Kostas Belivanis Kostas Belivanis - 1 month ago 15
Python Question

Filter down dataframe

I want to filter down a dataframe. Trying to use the standard boolean (multiple) expressions but it doesn't work. My code is:

import pandas as pd
import numpy as np

# Setting a dataframe
dates = pd.date_range('1/1/2000', periods=10)

df1 = pd.DataFrame(np.random.randn(10, 4), index=dates, columns=['A', 'B', 'C', 'D'])

# Filtering
df1 = df1.loc[lambda df: -0.5 < df1.A < 0 and 0 <= df1.B <= 1, :]


Any thoughts on it?

Answer

No need for the anonymous lambda function. Simply filter with a boolean statement. Also, notice the use of the bitwise operator, &, not boolean operator, and.

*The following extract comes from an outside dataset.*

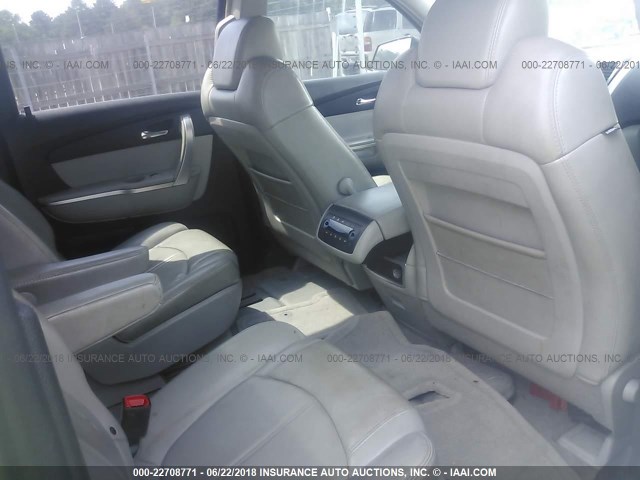 1GKER23778J192530 - 2008 GMC ACADIA SLT-1 Schwarz Foto 8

Below are equivalent variants to filtering:

df1 = df1.query('(A > -0.5) & (A < 0) & (B >= 0) & (B <= 1)', engine='python'))

df1 = df1.loc[(df1.A > -0.5) & (df1.A < 0) & (df1.B >= 0) & (df1.B <= 1)]

df1 = df1[(df1.A > -0.5) & (df1.A < 0) & (df1.B >= 0) & (df1.B <= 1)]

Consider even using pandas.Series.between:

df1 = df1.loc[(df1.A.between(-0.5, 0, inclusive=False) & (df1.B.between(0, 1))]